(Saved data entries)
────────
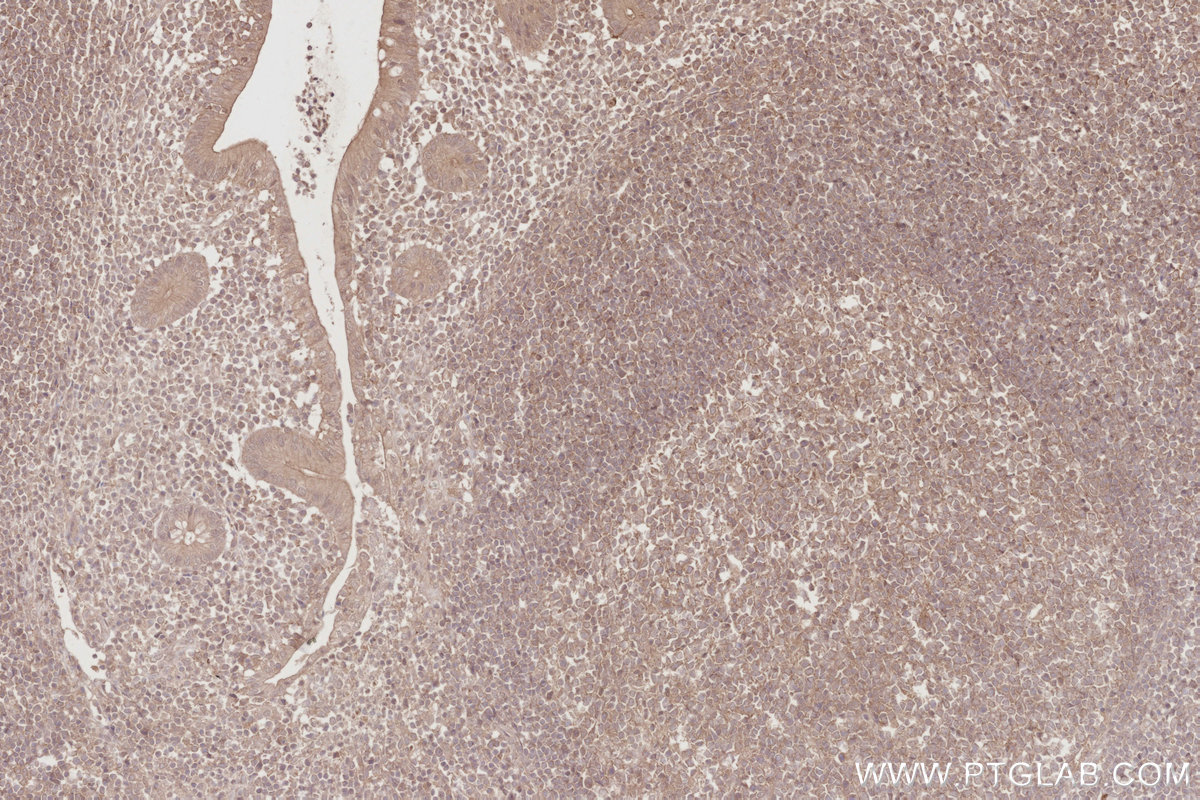 IHC staining of human appendicitis using 67492-1-Ig IHC staining of human appendicitis using 67492-1-Ig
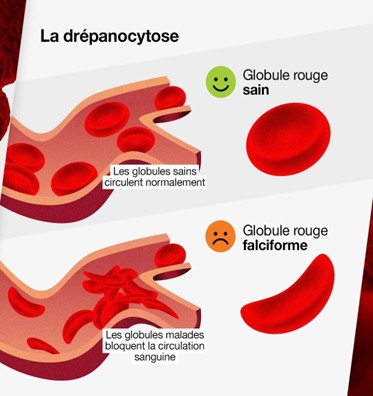 Globules sains vs globules falciformes – circulation sanguine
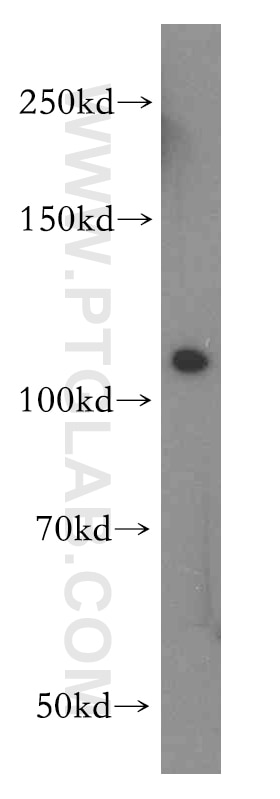 Western Blot (WB) analysis of K-562 cells using STAT2 Polyclonal antibody (16674-1-AP)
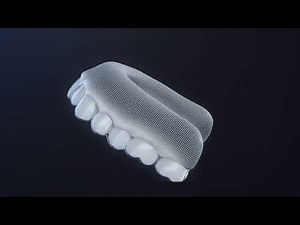 Thinking of Getting Invisalign? Here’s What You Should Know Before You Start!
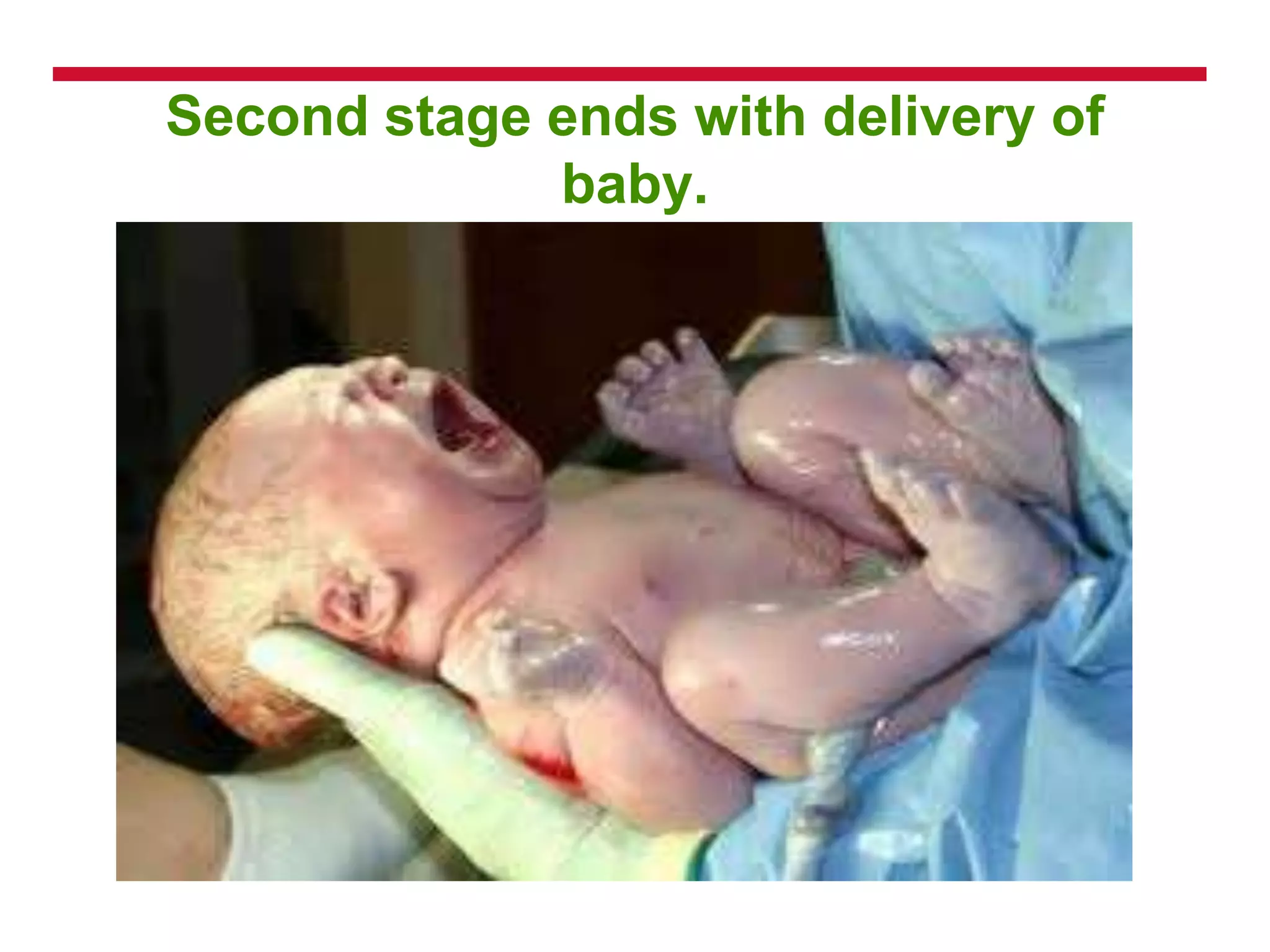 Second stage ends with delivery of
baby.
────────
▶ _The problem_
Repeat each line above exactly as it reads, omitting any pictures.

▶ _Answer to this exercise_
 IHC staining of human appendicitis using 67492-1-Ig IHC staining of human appendicitis using 67492-1-Ig
 Globules sains vs globules falciformes – circulation sanguine
 Western Blot (WB) analysis of K-562 cells using STAT2 Polyclonal antibody (16674-1-AP)
 Thinking of Getting Invisalign? Here’s What You Should Know Before You Start!
 Second stage ends with delivery of
baby.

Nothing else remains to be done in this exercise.